The company said the new brewery plans to begin its operation in mid-2024, generating 350 direct and 7,000 indirect jobs. The facility will produce beer brands including Águila, Poker, and Club Colombia.
Bavaria President Sergio Rincón said: “We firmly believe in Colombia and in the great transformations that the private sector can generate for the benefit of the country. With this new plant, Bavaria is investing long term in a significant expansion of the industry.”
“It fills me with pride to share this good news with the country. We Colombians deserve a future full of hope, celebrations, and progress, and this new investment is an important part of our journey to create a future with more cheers. It is an example of the spirit of Bavaria, which after more than 130 years, continues to invest in growth and innovation.”
Affirming the group’s stand on sustainability, Bavaria noted the brewery will be built to high environmental standards to make further progress toward AB InBev’s ambitious 2025 Sustainability Goals.
It is expected to begin operations with zero net carbon emissions and advance Bavaria’s commitment to brewing 100% of its products using solar energy.
Throughout the country, Bavaria has seven breweries, two barley malting houses, and a labeling operation, all employing 4,000 people and generating approximately 80,000 indirect jobs.
Recently, the Belgium-based multinational brewer, AB InBev, expressed interest in scaling the production capacity of its plant in Mysuru with another ₹500 crores (US$60.8m).

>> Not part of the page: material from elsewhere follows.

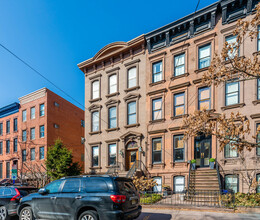 716 Hudson St in Hoboken, NJ - Building Photo - Building Photo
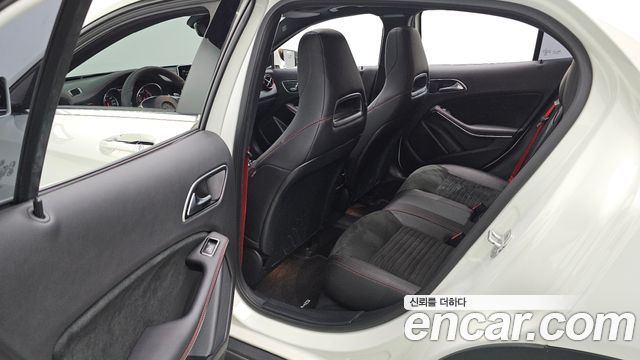 Mercedes-Benz GLA-Class GLA45 AMG 4MATIC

The investments follow the over US$1 billion commitment to its US manufacturing facilities over the next two years as the brewer looked to raise production of hard seltzers that have become widely popular in recent years.
The United States’ largest brewer and subsidiary of Belgium-based Anheuser-Busch InBev said it would inject nearly US$400 million into 12 major breweries while about US$100 million would go to environmental sustainability projects.
The company also planned on spending more than US$100 million in new can-manufacturing lines as it ships more single-use cans and bottles and fewer kegs and returnable glass bottles that are used in bars and restaurants.